As for the targets chosen for BDS actions, the strength of the BDS movement lies in the fact that it does not impose specific targets or tactics on solidarity groups around the world. Based on the principle of context-sensitivity and respect for the autonomy and integrity of democratic international groups supporting Palestinian rights, the Palestinian BDS collective leadership has always believed that people of conscience and organizations advocating human rights know their respective situation best and are the most capable of deciding the appropriate ways and pace to build the BDS movement in their contexts. Sometimes the tactical targeting of settlement-only products may be the best way for a campaign to progress. At other times, it may be resolutions at local unions endorsing BDS, or cultural boycott targets, etc. But even if one were concerned only about Israel’s occupation, not its denial of refugee rights or its apartheid system, this cannot justify a principled focus on boycotting “settlement products” only, as if Israel’s colonies themselves were the party guilty of colonialism, not the state that established them and sustains their growth. In no other boycott context in the world does anyone call for boycotting a manifestation of a state’s violations of international law, rather than the state itself. After all, under international law states are the legal entities that are supposed to be held accountable for crimes and violations that they commit.

Regardless, it is never up to Israeli academics or activists, no matter what their principles are, to set out the reference parameters and priorities of the movement, particularly for activists worldwide. More often than not, members of the Zionist left have refused to recognize the BDS Call issued by the overwhelming majority of Palestinian civil society organizations, and its anchor and leadership, the Palestinian BDS National Committee, BNC. In so doing they fail to respect the aspirations of the Palestinian people and our right to define the goals of our struggle. Moreover, in response to the Zionist left’s insistence on focusing on the symptoms of the Israeli system of colonial oppression, by calling only for an end to the Israeli occupation of the West Bank and Gaza Strip, it is worth emphasizing that in apartheid South Africa it would have been ludicrous to focus solely on the Bantustans. The struggle against the Bantustans was an intrinsic part of the struggle to end the apartheid system as a structure of dominance whereby the white minority subjugated and oppressed the Black South African population.

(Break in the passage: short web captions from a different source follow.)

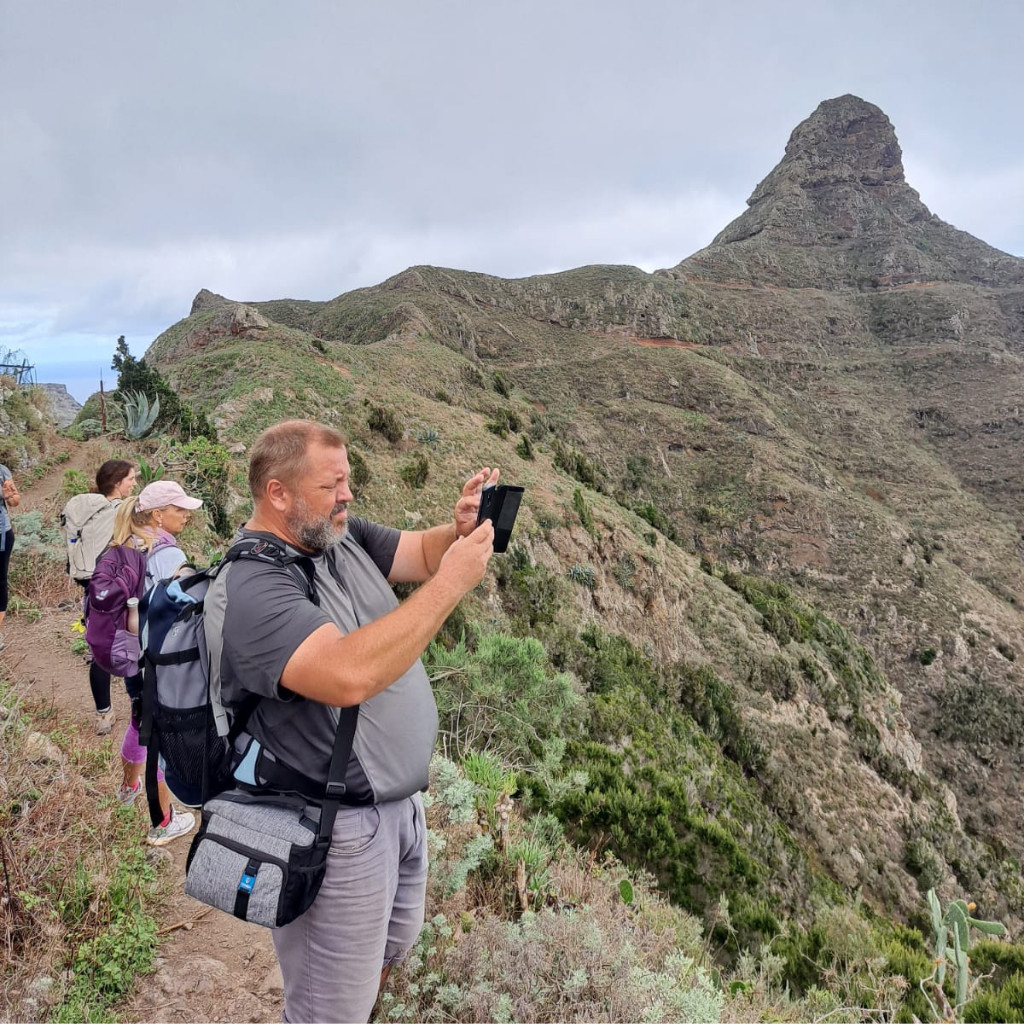 Des personnes marchent sur un sentier à Tenerife, avec des montagnes en arrière-plan.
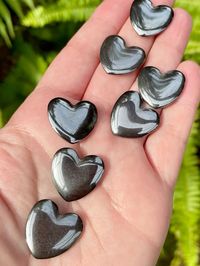 Only $3.99 each! Infuse your space with protective loving energy with these Hematite Hearts! Hematite absorbs negative energy and provides the wearer with a sense of calm in times of stress or worry. This is a highly protective stone and is great to carry with you to help you stay grounded. It can help one to find their own, unique gifts and to release self-imposed limitations, while maintaining a sense of self-control. Hematite is also thought to strengthen self-confidence. #crystals #crystalhealing #crystalmagic #crystaljewelry #crystallovers #crystalhearts #hematite #hematitehearts   Get yours now before they’re gone: https://morgannastreasures.com/collections/metaphysical-gifts/products/small-hematite-heart-palm-stones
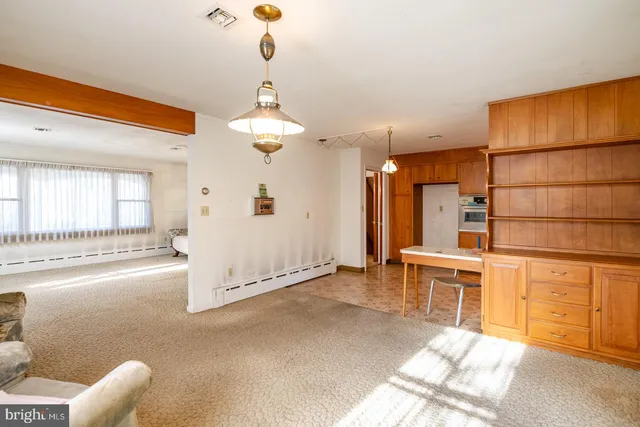 a kitchen with a sink and a refrigerator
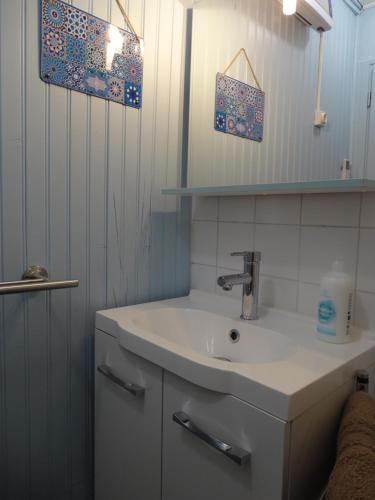 une salle de bain blanche avec un lavabo et un miroir dans l'établissement La Marguerite sur Gartempe, à Châteauponsac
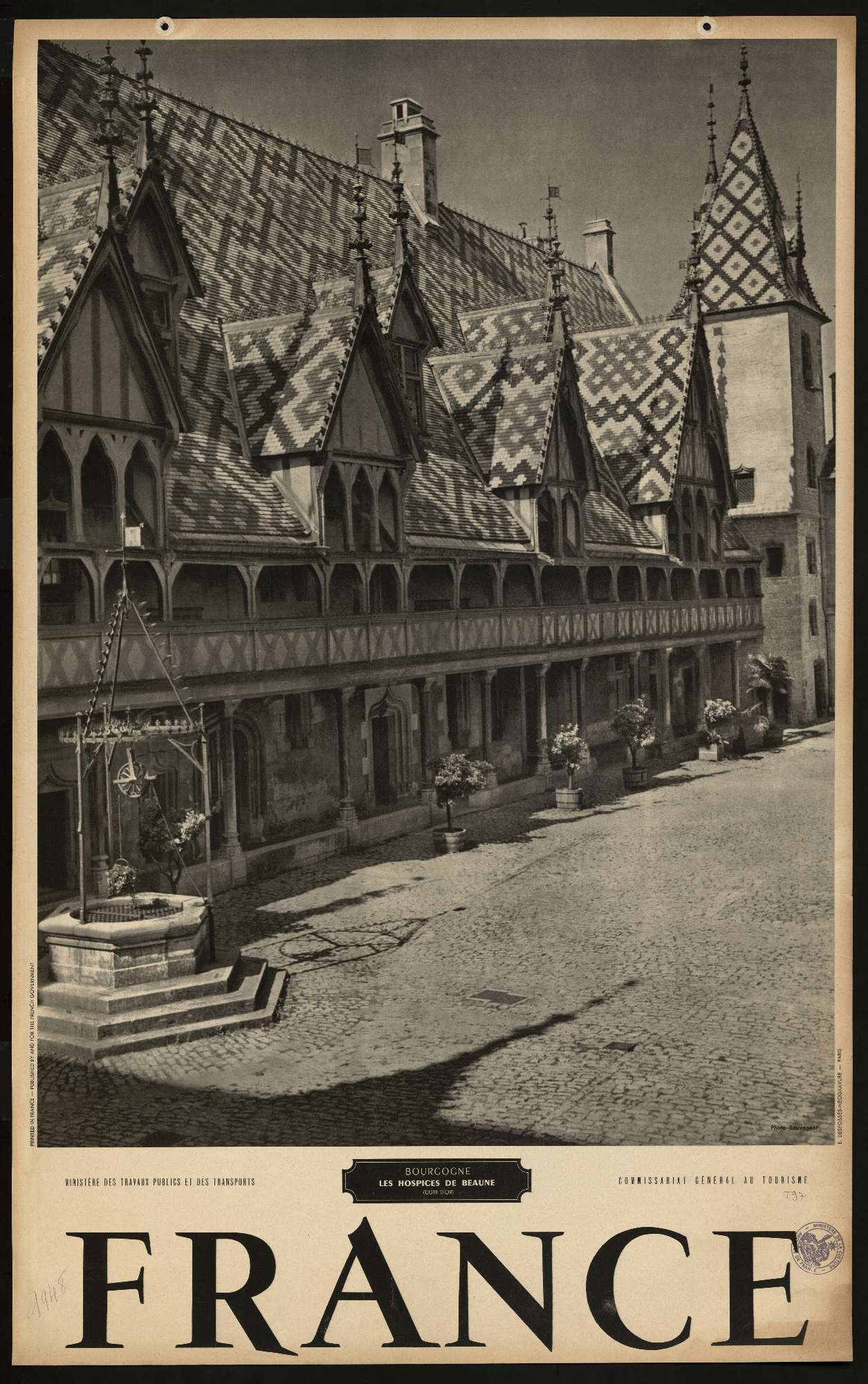 Une affiche en noir et blanc contenant la photo de la façade des hospices de Beaune occupe les deux tiers de l'affiche, le mot "France" apparaît en dessous en grandes lettres capitales puis en plus petit est inscrit "Bourgogne - les hospices de Beaune - cote d'or, commissariat général du tourisme"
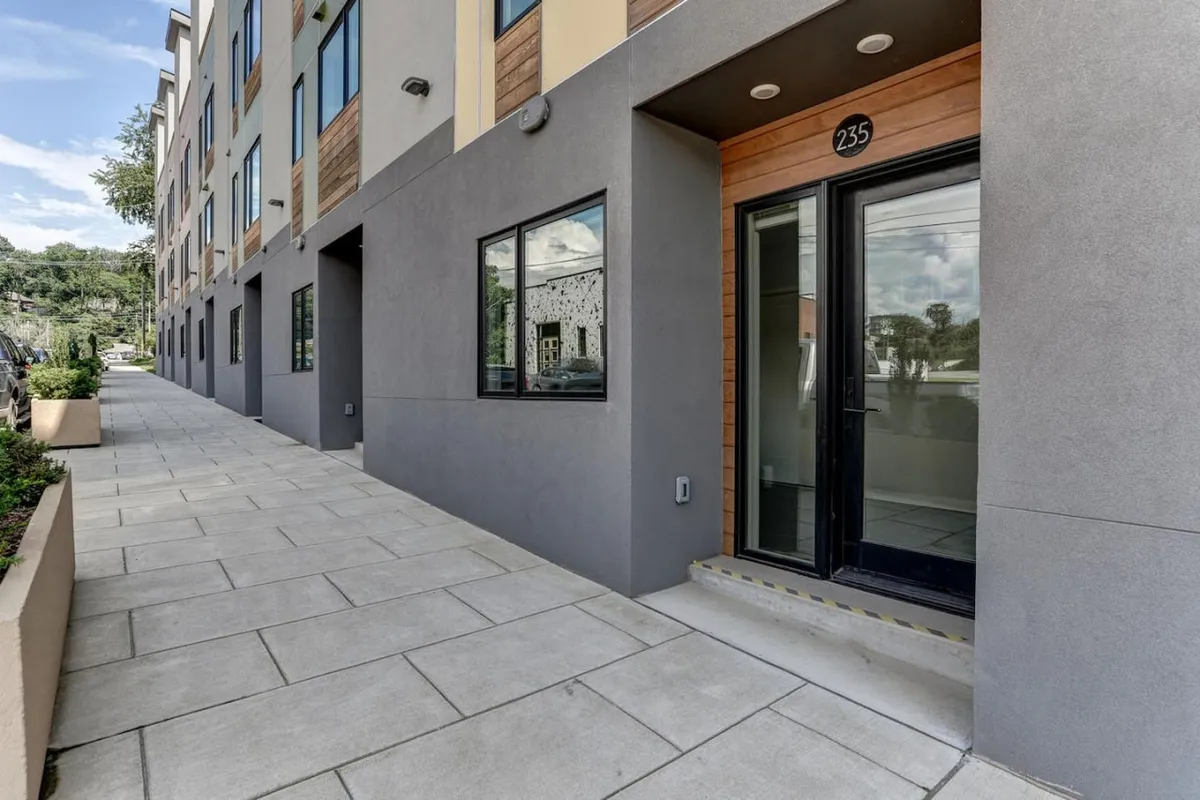 An exterior shot focusing on the entrance door, windows, and adjacent sidewalk, suggesting a modern, welcoming first impression upon arrival.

As a people living under Israeli apartheid and exiled from their land, it is up to the Palestinians and their mass organizations to set their priorities, objectives and strategies to attain our rights under international law. Israeli support is a welcome and necessary part of this movement. But it must be extended in the spirit of real solidarity, as in the case of Boycott From Within, respecting the wishes and aspirations of the Palestinian people themselves.